A positive feedback loop suggests itself here, beginning at any panel in Fig. 5 and progressing clockwise around the panels in the figure. This loop, as is manifest over the eastern United States, is illustrated schematically in Fig. 6 by the circular path on the left. Starting with Fig. 5a and at the bottom of the left circle in Fig. 6, warmer temperatures lead to more eddy diffusion and sensible heat flux, generating warmer temperatures aloft and therefore lower relative humidity. This, in turn, results in less precipitation and less moisture input into the soil and so a drier shallow soil layer. Less soil moisture available results in lower evaporation, and less cooling at the ground due to latent heating results in a warmer canopy temperature. This feedback loop could be initiated at any point. An hypothesis for the starting point of this loop, and the connection between the differences imposed directly by using EM as opposed to M and the observed differences in the simulated climate will be presented in the next section.

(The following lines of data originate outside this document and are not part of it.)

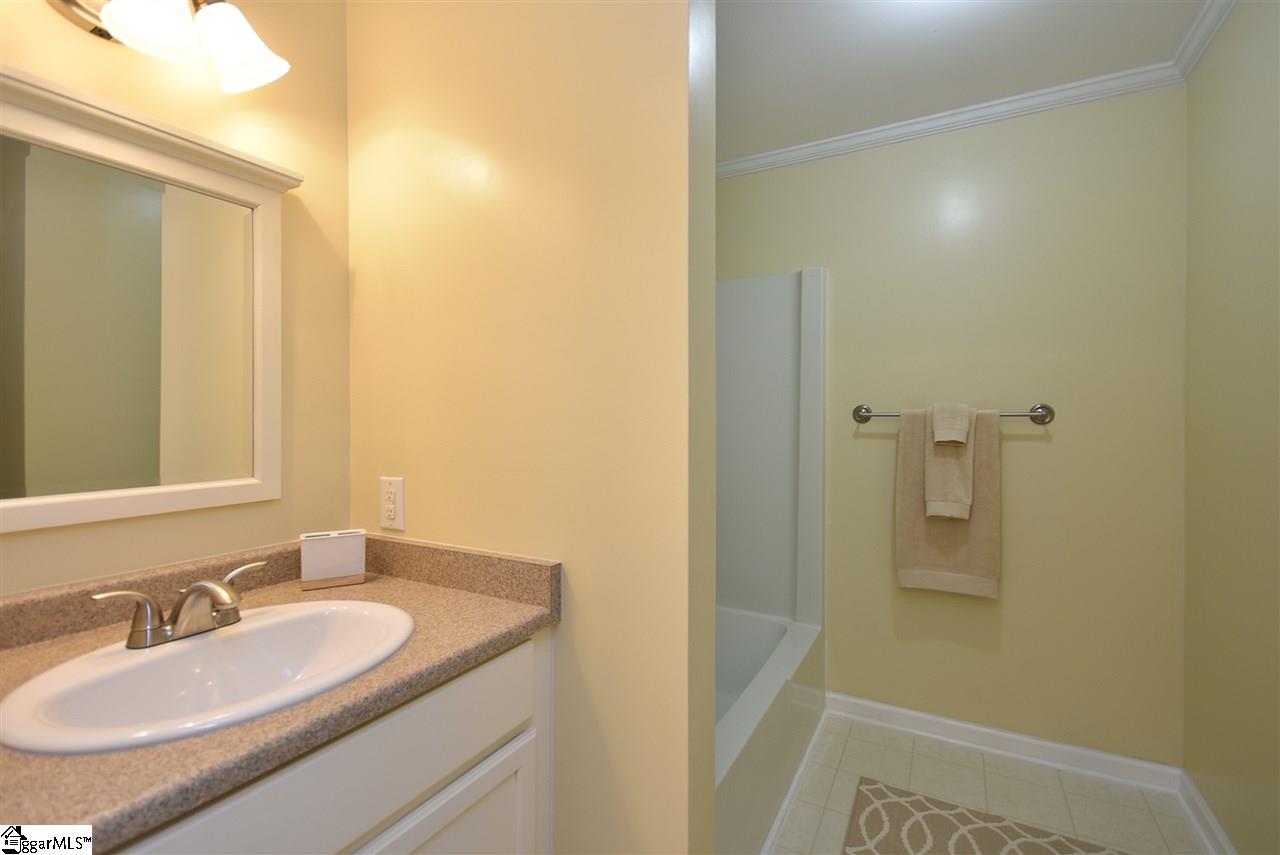 104 Crescent Drive Fountain Inn, SC 29644 - Photo 14 of 26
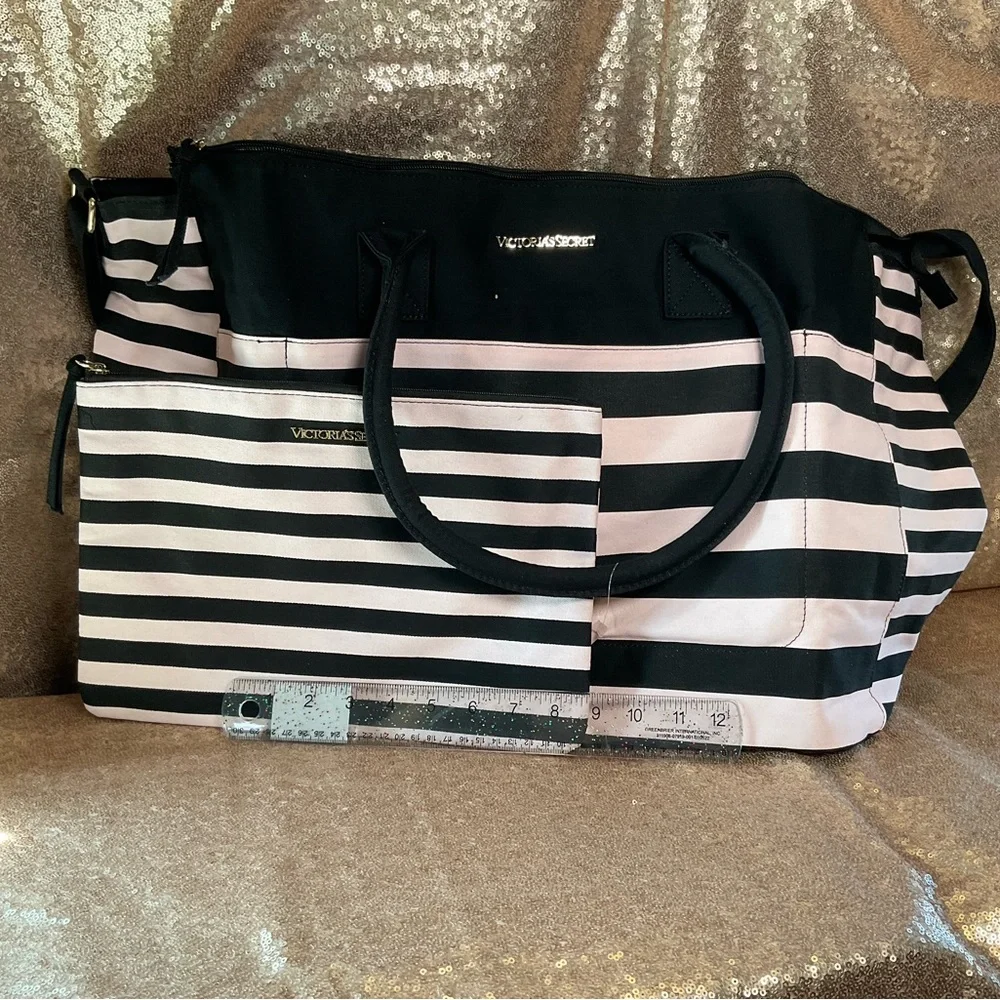2PC Victoria’s Secret tote - Picture 6 of 12
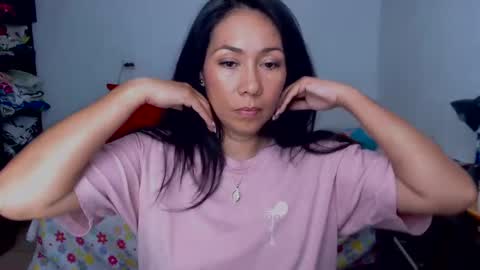 Snapshot of helen_lya chatting on 01/27/25, 09:00 Helen online show from 01/27/25, 09:00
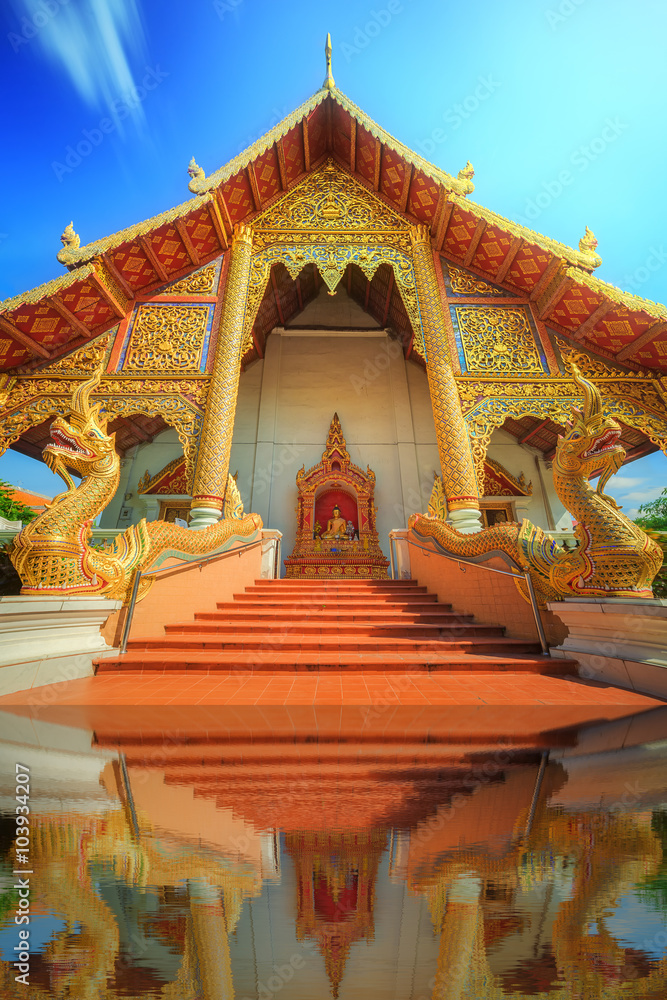 Naklejka premium Wat,Temples with golden dragons in Chiang Mai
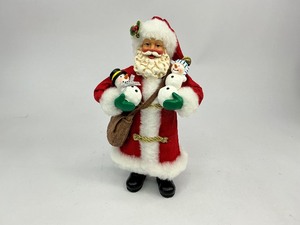 lot 41 image: 1999 Possible Dreams Clothtique Collection Santa & Friends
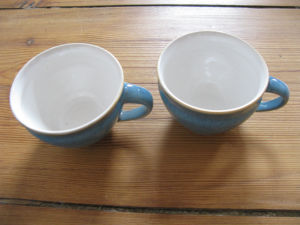 Bezeichnung: Tasse<br>
Artikelnummer: Tb1<br>
Höhe: 7,5cm<br>
Breite 8cm<br>
Preis: 16,00€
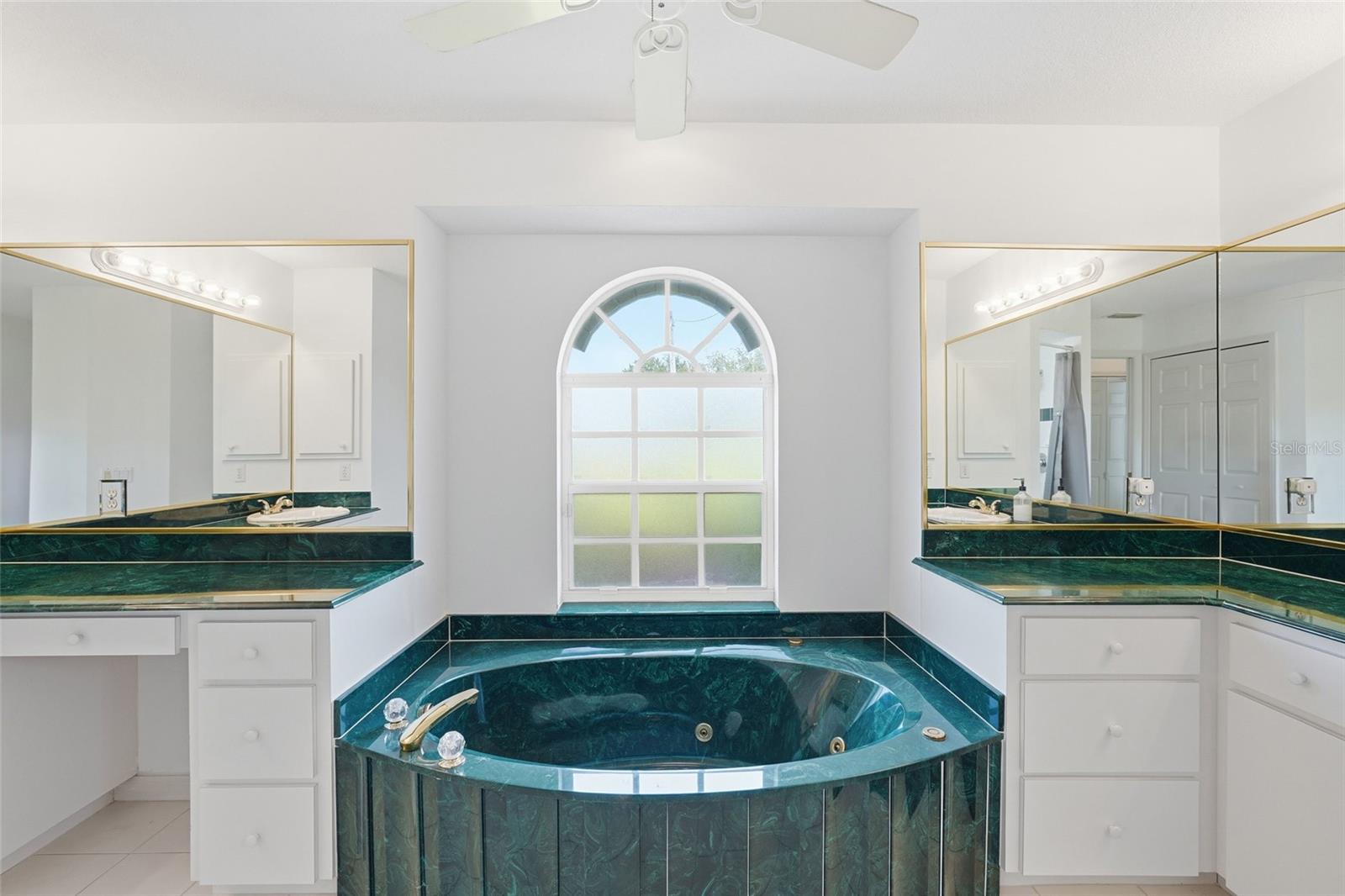 885 ROTONDA CIR, ROTONDA WEST, FL, 33947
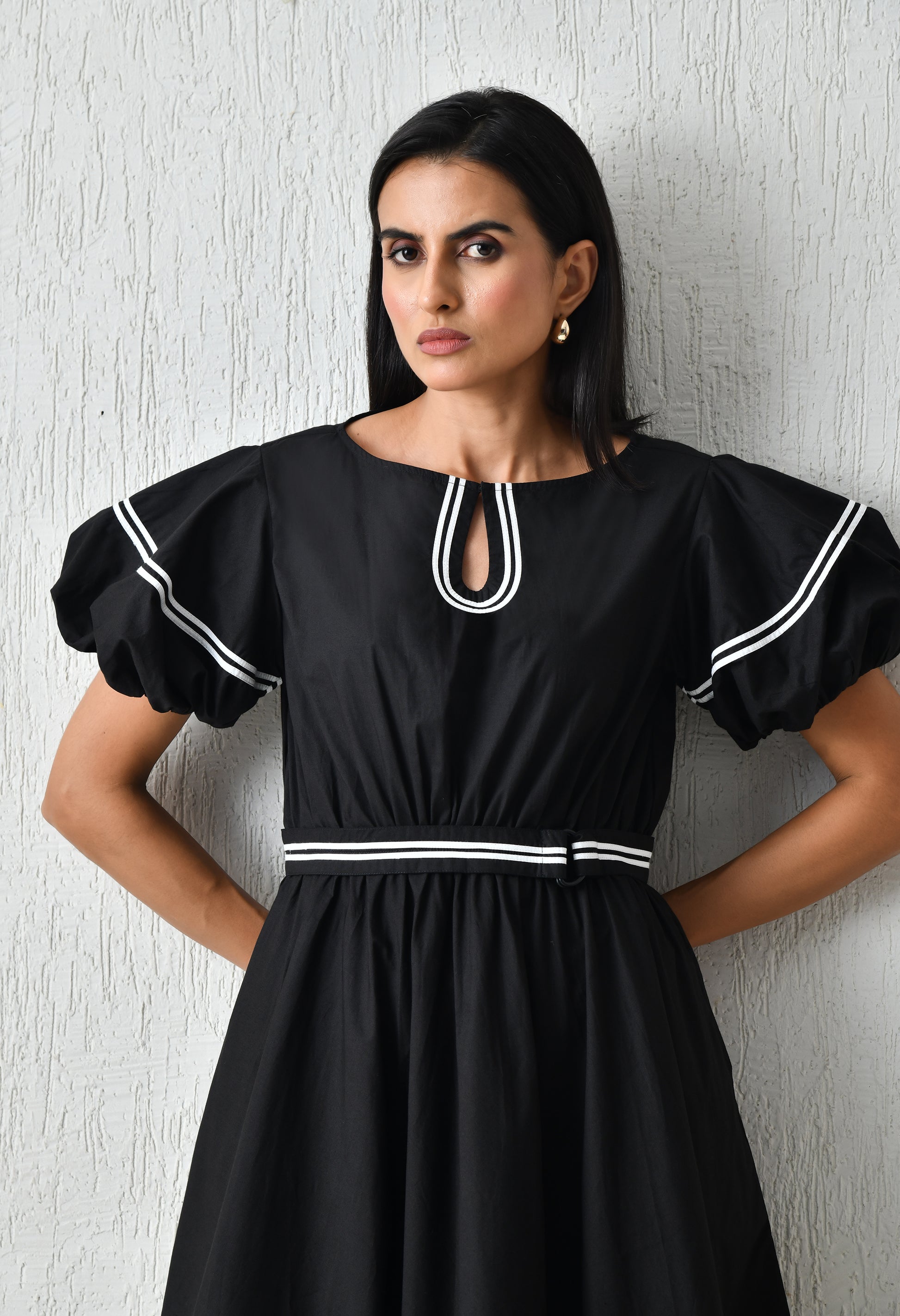 Noir Halo Piped Dress - samant chauhan design 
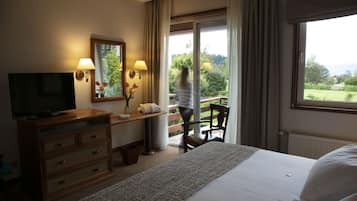 Premium bedding, down duvets, pillow-top beds, minibar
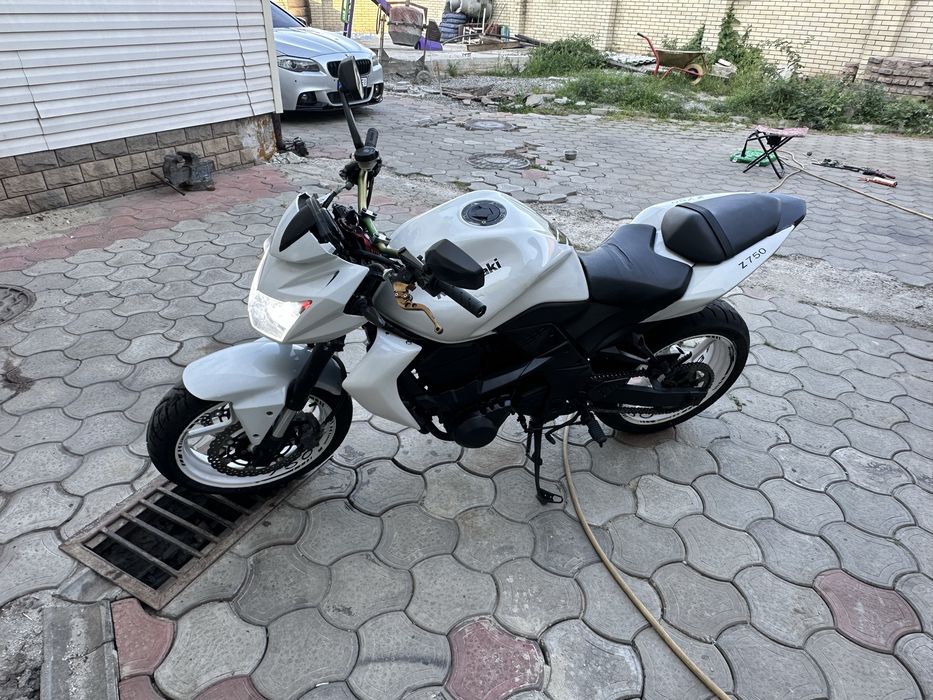 Продам Kawasaki Z750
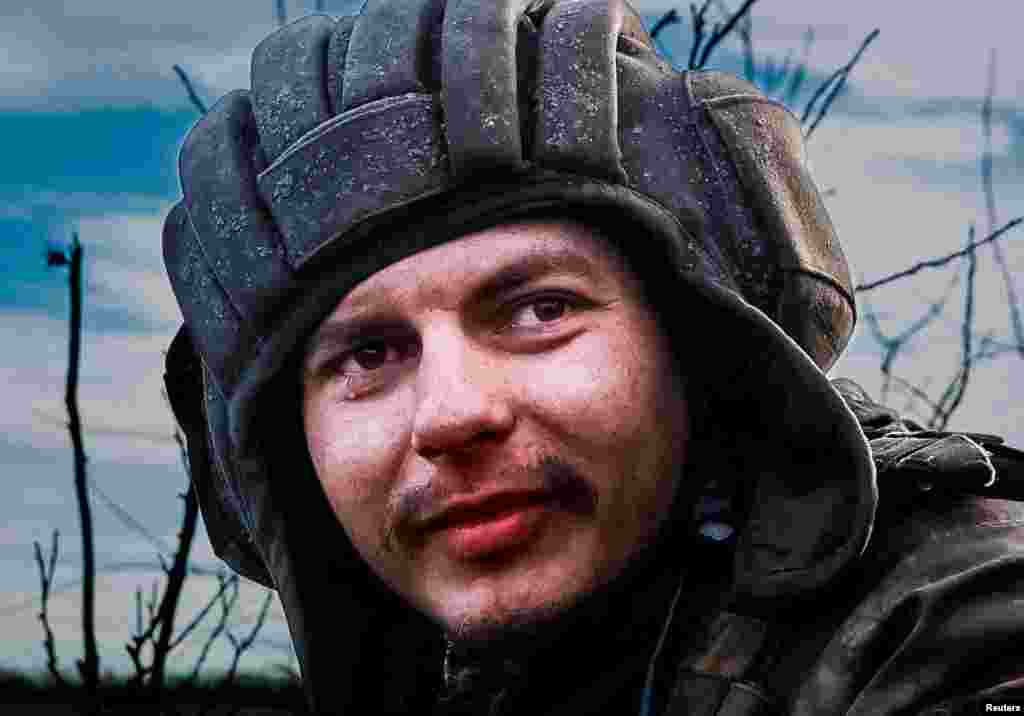 უკრაინელი სამხედრო ფრონტის ხაზიდან, რომელსაც თვალზე ცრემლი აქვს. ფოტო გადაღებულია &quot;რადიო თავისუფლების&quot; მიერ დონეცკშის რეგიონში.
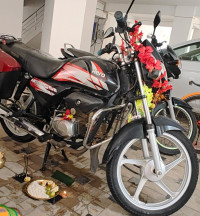 Red Hero HF Deluxe BS6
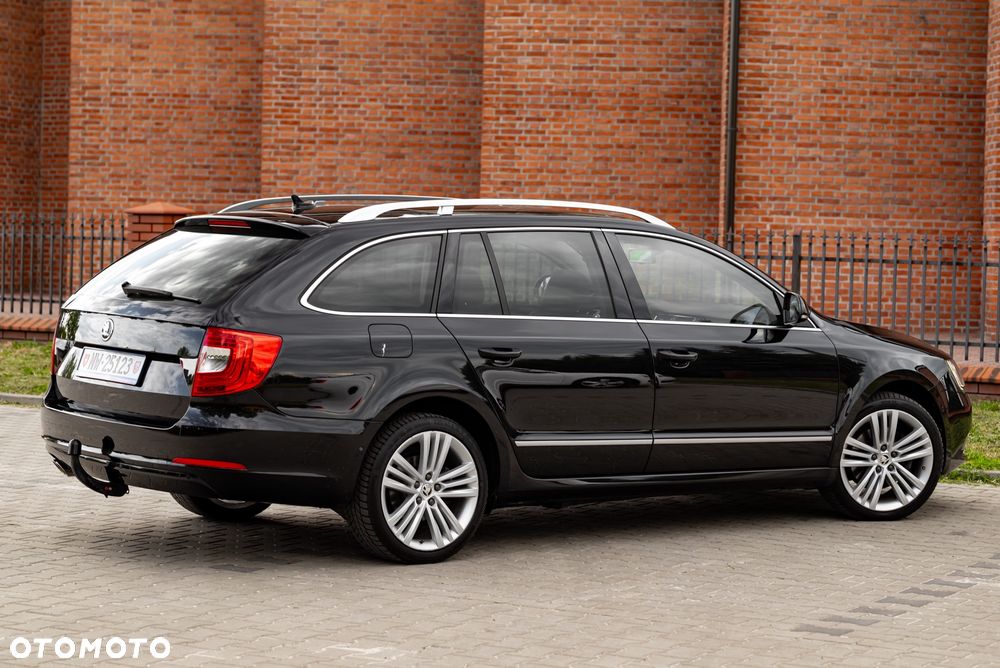 Skoda Superb 2.0 TDI Green tec 4x4 DSG Elegance - 14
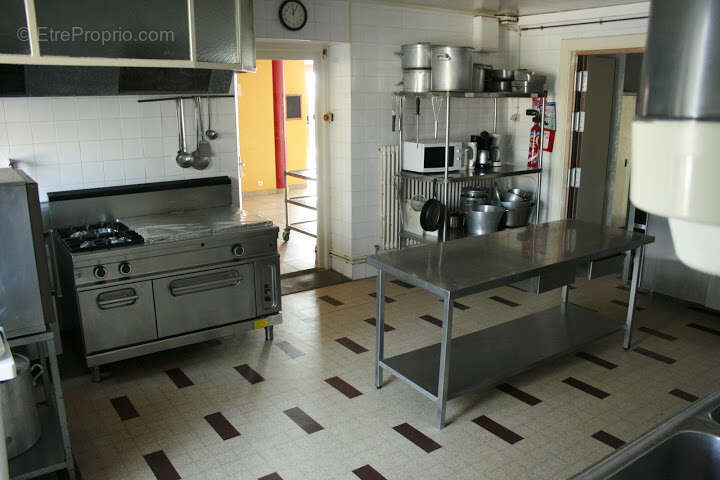 Maison à CRUSEILLES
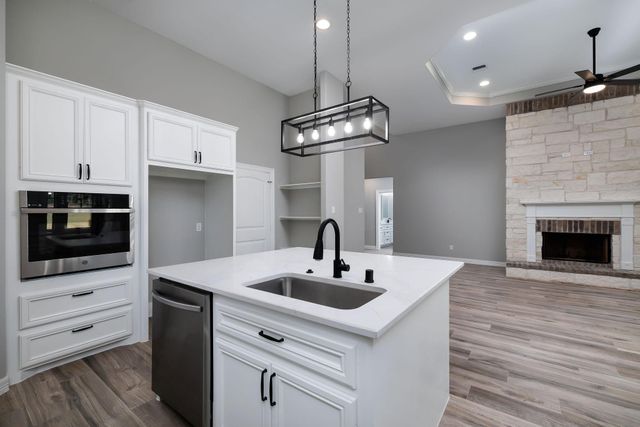 364 Dahlia Road, Huntsville, TX 77320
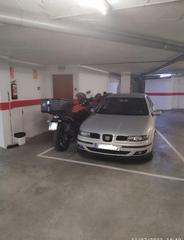 Aparcament cotxe a Balàfia. Plaza de parking y trastero en calle penedes  zona magnolies  ba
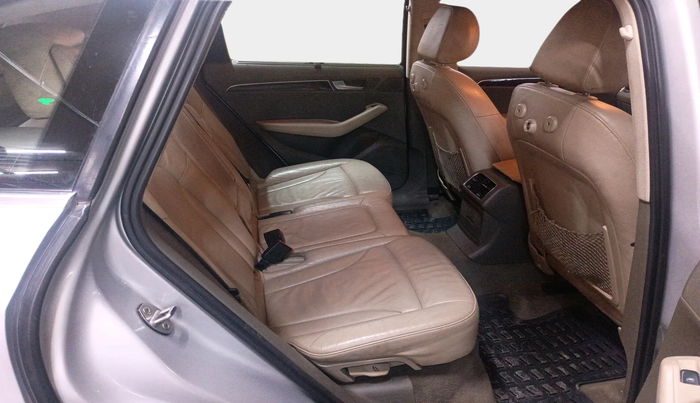 2012 Audi Q5 2.0 TDI QUATTRO, Diesel, Automatic, 1,04,346 km, interior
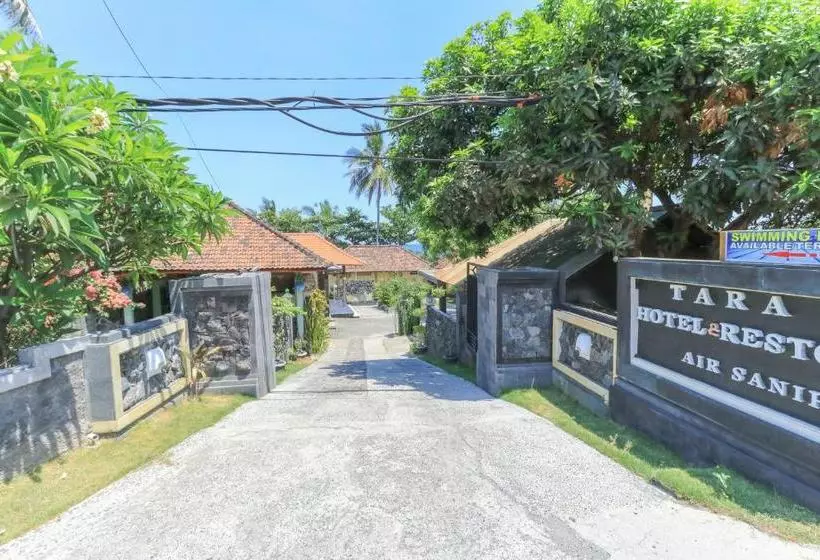 Hotelli Tara Bar & Resto Air Sanih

The type of causality suggested in the feedback loop described here is difficult to establish unambiguously, but some causal relationships can be argued based on computed correlations between fields and some physical reasoning. A causal connection of this sort can be established between the latent heat flux, the canopy temperature, and the sensible heat flux. This relationship is investigated here by examining the correlation between the monthly mean EM − M differences in canopy temperature and latent heating. The correlation coefficient of the monthly mean EM − M differences in canopy temperature, Tc, and evaporation, LE, is shown in Fig. 7a. The physical relationship between Tc and LE is such that evaporation increases with temperature, and also that evaporation acts to cool the surface. A large positive correlation therefore suggests that the canopy temperature difference would explain the difference in evaporation, whereas a large negative correlation suggests that the evaporation difference explains (part of) the difference in canopy temperature. The large negative area in the center of the North American continent suggests that the positive EM − M difference in canopy temperature (seen in Fig. 5) is a result of the decreased evaporation in EM relative to M. This relationship is also consistent with the offline results from Molod and Salmun (2002). A similar argument can be made about the sign of the correlation between sensible heat and canopy temperature differences. The sensible heat increases with canopy temperature, and the sensible heating will act to cool the surface. The correlation coefficient of the ensemble mean EM − M differences in sensible heat and Tc, shown in Fig. 7b, is generally positive in the location where the summertime differences occur, suggesting that the larger sensible heating is a result of the warmer temperatures.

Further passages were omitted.